Nae Pasaran review by Rachelle Atalla
Nae Pasaran: A review by Rachelle Atalla
In 2010 I joined a walking tour in Santiago, Chile and was brought to the facade of La Moneda Palace. I’d read a little about the history of the 1973 military coup, of President Allende and his democratic leftist government being brutally overthrown. It was an atrocity before my time and seemed so far removed from Scotland and what was familiar to me. But then I saw Nae Pasaran.
Nae Pasaran translates to ‘They Shall Not Pass’ so what is this documentary about and how did it come to be? The seed was sown years ago when its director and writer Felipe Bustos Sierra was a young boy – his family were exiled during the atrocities and his father liked to tell stories of camaraderie displayed to the citizens of Chile from people around the world. One story in particular that resonated was of Scottish factory workers in East Kilbride and their act of defiance in the face of dictatorship.
When the Chilean army, led by Augusto Pinochet bombed La Moneda on the 11th of September 1973 it was rockets deployed by Hawker Hunter fighter planes that were used to kill civilians. At this time, there was only one place in the world where these engines were repaired – The Roll-Royce factory in East Kilbride. When the workers realised that some of the engines coming into the factory floor belonged to the Chilean army they made a decision to ‘black them’ – a refusal and protest to repair engines used to kill civilians. What proceeded was four years of boycotting, where the engines were ignored in East Kilbride, left to rust in crates, which subsequently grounded a large proportion of the Chilean army’s air fleet.

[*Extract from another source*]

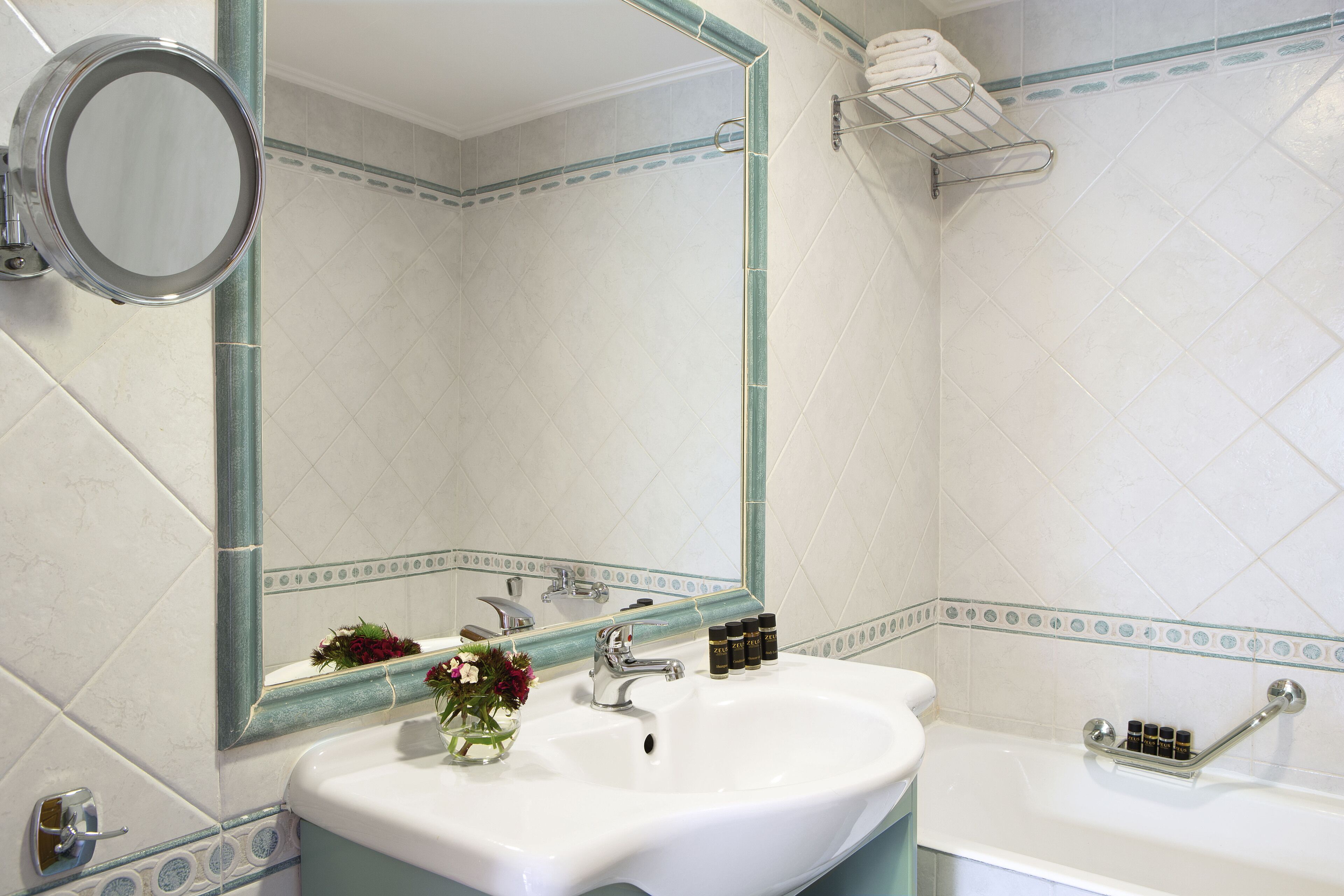 bathtub, deep-soaking bathtub, eco-friendly toiletries, hair dryer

But what became of the Rolls-Royce factory workers, and in particular of the four men who led the boycott: Bob Fulton, Robert Sommerville, John Keenan and Stuart Barrie? And did they have any idea what impact their stand of solidarity had for the people of Chile?
This documentary is assembled like a jigsaw, entwining interviews from the men in East Kilbride, surviving prisoners of war, and members of the Chilean army who offer an apposing view, all handled delicately to frame a full picture. It is an incredible piece of work, told honestly and with real courage. At times the footage is disturbing and difficult to comprehend but is absolutely necessary. It reminds us that we should take note of our history, and how brutal we can be, often to our own people. But also that there is goodness too and a real belief in the universal strength of humanity.
What was initially a short length documentary released in 2013 grew into a story deserving of its expansion. Through a Kick-starter fund and with the dedicated passion of Sierra, Nae Pasaran premiered as a full-length feature on the 4th of March 2018, closing The Glasgow Film Festival. Please see this documentary. Bring tissues.